→ Exercise brief:
Please set out each line below exactly as it stands, without the images.

→ Supplied data:
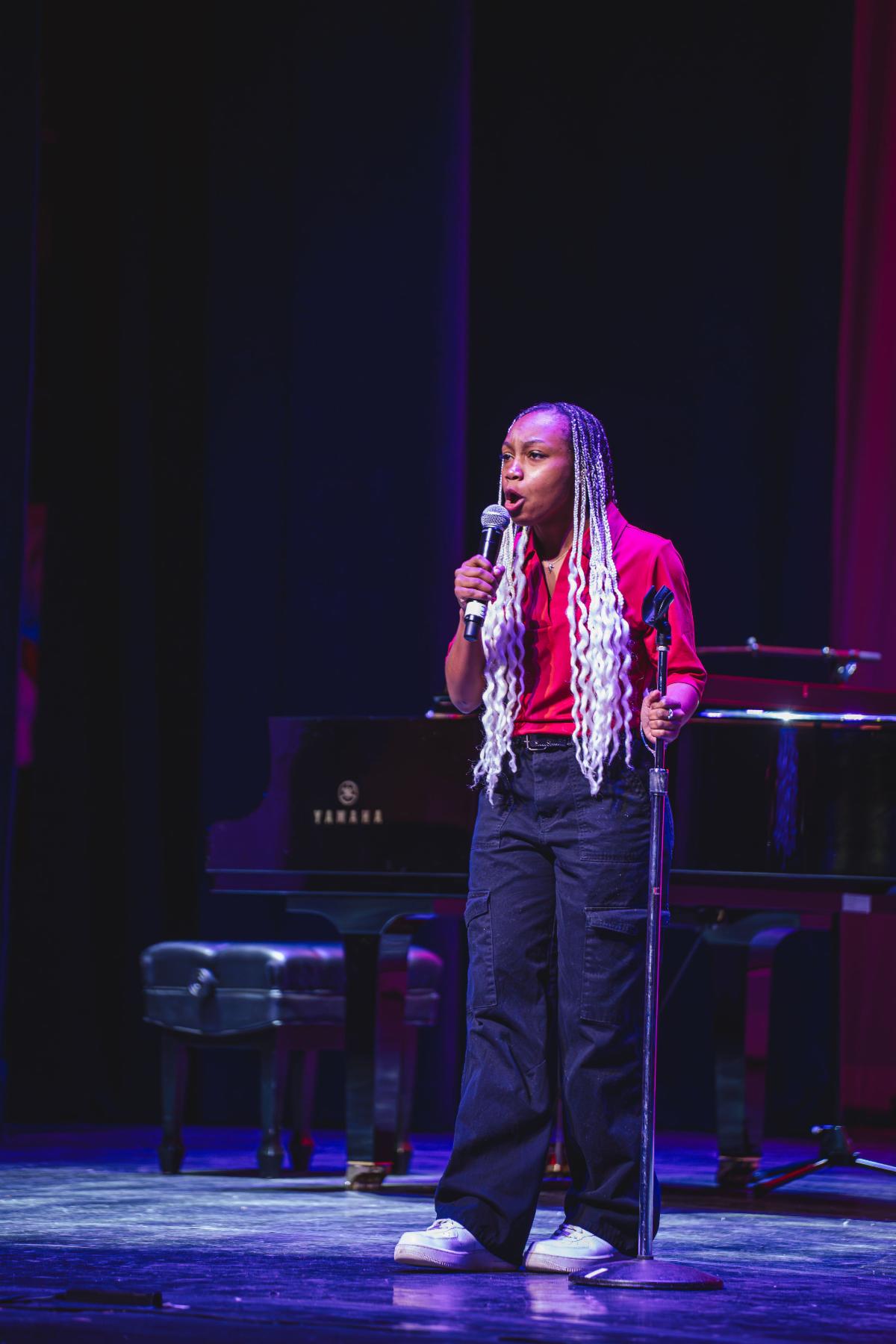 A Black teenage girl sings or speaks with a microphone. She has long hair in locs. The top is black and the bottom are light blonde or white. She wears a red button up top and black pants.
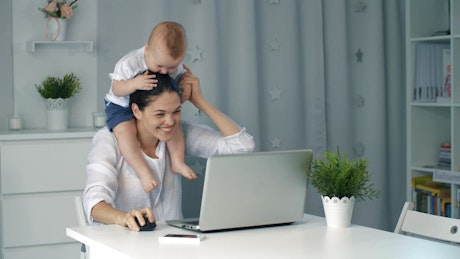 Enterprising mom plays with her baby while working.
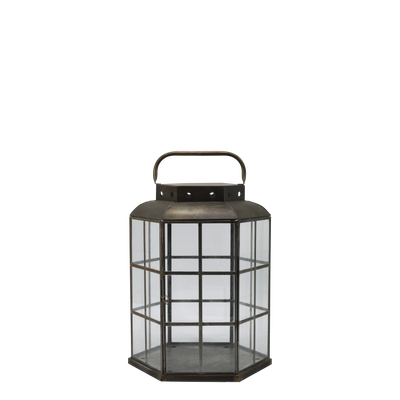 Set of two hexagonal metal and glass lanterns in antique bronze finish with carry handles, shown in small and large sizes.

→ Written answer:
 A Black teenage girl sings or speaks with a microphone. She has long hair in locs. The top is black and the bottom are light blonde or white. She wears a red button up top and black pants.
 Enterprising mom plays with her baby while working.
 Set of two hexagonal metal and glass lanterns in antique bronze finish with carry handles, shown in small and large sizes.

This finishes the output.